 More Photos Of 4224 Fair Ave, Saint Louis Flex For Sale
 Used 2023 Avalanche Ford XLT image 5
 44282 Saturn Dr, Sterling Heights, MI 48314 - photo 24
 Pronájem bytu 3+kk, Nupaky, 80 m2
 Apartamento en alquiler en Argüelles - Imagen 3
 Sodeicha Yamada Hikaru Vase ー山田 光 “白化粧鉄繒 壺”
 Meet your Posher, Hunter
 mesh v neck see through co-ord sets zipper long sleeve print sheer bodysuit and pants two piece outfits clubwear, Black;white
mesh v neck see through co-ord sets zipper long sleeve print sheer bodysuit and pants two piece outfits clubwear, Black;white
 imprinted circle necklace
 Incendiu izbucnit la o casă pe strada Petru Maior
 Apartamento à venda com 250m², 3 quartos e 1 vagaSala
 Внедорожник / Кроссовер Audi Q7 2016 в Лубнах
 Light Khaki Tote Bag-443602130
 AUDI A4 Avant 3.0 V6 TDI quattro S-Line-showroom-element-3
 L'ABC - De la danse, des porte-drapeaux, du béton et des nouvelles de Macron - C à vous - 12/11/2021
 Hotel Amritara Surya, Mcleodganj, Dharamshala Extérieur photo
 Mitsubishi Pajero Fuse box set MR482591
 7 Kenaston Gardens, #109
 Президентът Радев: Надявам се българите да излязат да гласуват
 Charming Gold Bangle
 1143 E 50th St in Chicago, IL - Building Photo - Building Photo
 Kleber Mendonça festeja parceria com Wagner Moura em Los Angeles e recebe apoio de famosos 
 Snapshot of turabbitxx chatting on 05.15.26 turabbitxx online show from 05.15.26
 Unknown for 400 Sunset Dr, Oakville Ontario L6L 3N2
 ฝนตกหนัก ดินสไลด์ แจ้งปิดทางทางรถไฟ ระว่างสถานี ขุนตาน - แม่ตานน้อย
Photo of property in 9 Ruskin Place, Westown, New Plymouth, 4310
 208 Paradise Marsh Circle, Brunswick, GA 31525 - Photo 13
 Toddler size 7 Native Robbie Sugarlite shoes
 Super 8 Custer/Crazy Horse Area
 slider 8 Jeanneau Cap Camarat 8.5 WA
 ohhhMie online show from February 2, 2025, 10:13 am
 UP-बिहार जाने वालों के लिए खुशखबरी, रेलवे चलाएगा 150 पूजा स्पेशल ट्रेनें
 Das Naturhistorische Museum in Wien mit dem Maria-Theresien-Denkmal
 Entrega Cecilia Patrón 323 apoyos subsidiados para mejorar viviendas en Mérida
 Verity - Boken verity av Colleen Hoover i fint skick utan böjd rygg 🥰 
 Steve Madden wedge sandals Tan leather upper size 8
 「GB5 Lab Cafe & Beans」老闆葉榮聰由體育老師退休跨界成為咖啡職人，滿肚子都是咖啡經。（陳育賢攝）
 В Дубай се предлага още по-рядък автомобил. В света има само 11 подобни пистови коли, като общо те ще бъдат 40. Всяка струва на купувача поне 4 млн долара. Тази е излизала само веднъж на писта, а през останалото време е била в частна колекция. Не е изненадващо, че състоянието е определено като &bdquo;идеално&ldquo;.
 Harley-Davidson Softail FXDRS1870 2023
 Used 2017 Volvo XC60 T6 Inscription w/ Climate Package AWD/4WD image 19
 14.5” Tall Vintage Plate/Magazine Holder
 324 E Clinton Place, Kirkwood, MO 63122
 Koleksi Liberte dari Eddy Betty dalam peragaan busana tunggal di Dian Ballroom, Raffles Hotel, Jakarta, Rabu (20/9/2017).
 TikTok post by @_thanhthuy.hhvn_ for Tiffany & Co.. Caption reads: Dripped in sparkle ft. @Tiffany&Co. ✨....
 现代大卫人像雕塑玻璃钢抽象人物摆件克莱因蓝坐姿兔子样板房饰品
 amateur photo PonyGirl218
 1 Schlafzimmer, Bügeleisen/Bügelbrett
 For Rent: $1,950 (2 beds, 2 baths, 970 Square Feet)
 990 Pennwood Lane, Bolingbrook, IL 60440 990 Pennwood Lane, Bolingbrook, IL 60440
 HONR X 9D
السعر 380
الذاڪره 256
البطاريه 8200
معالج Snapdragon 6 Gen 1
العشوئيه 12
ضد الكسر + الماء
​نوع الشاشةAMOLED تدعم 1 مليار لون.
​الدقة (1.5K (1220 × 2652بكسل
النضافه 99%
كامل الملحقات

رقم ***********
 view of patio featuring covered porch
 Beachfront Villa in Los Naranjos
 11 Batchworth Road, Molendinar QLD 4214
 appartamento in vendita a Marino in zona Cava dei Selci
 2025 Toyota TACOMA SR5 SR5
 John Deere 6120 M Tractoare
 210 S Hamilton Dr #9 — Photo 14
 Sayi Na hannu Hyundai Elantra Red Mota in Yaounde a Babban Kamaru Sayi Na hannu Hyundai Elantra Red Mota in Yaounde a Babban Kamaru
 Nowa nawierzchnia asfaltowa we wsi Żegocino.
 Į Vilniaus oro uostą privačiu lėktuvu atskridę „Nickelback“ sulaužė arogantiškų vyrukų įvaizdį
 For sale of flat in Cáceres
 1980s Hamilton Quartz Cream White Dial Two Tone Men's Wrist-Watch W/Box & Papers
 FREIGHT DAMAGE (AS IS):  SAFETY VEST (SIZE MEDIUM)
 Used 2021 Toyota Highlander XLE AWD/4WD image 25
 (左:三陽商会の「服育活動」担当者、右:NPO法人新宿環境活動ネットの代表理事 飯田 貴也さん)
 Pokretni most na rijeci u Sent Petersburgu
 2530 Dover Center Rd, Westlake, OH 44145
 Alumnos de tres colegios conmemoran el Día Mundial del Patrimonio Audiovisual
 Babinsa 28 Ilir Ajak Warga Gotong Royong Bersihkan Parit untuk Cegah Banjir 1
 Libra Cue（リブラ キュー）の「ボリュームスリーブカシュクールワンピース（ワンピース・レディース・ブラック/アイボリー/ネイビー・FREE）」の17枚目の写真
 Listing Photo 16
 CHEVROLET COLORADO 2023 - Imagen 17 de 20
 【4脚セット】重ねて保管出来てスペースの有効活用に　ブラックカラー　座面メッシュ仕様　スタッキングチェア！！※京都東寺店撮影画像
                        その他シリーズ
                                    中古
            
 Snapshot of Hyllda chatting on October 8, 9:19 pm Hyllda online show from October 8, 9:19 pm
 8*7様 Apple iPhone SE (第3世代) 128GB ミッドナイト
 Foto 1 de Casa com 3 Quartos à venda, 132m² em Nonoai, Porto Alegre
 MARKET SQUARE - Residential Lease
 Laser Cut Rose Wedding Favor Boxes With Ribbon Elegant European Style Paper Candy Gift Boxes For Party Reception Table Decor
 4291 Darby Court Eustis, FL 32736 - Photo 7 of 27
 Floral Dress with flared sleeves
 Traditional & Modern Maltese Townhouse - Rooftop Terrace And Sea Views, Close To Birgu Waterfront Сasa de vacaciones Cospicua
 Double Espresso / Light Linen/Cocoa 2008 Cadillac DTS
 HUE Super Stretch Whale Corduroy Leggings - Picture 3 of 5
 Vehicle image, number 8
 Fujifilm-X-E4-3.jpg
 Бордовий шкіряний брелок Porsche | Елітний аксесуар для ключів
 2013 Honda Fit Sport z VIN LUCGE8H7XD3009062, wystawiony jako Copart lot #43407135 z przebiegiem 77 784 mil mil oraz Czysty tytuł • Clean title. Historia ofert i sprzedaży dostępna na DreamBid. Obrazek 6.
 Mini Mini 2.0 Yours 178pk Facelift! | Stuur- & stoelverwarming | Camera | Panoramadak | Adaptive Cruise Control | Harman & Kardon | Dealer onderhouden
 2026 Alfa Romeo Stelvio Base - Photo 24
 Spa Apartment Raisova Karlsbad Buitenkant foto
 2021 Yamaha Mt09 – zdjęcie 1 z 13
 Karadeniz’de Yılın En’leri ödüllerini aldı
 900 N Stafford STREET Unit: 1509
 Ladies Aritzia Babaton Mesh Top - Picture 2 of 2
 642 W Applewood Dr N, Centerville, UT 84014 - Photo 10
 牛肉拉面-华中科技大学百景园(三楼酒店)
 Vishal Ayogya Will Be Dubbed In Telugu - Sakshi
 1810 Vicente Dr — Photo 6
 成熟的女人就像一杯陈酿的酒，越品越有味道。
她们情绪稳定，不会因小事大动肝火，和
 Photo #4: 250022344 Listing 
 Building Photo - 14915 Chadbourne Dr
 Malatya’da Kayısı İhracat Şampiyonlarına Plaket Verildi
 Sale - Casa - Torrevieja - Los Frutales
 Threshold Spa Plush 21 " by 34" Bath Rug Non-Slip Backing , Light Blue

—————

Transcribe exactly, and only, the lines from the one bearing "1810 Vicente Dr — Photo 6" through the last line of the entries, counting both.

* **RESULT FOR THIS EXERCISE**:
 1810 Vicente Dr — Photo 6
 成熟的女人就像一杯陈酿的酒，越品越有味道。
她们情绪稳定，不会因小事大动肝火，和
 Photo #4: 250022344 Listing 
 Building Photo - 14915 Chadbourne Dr
 Malatya’da Kayısı İhracat Şampiyonlarına Plaket Verildi
 Sale - Casa - Torrevieja - Los Frutales
 Threshold Spa Plush 21 " by 34" Bath Rug Non-Slip Backing , Light Blue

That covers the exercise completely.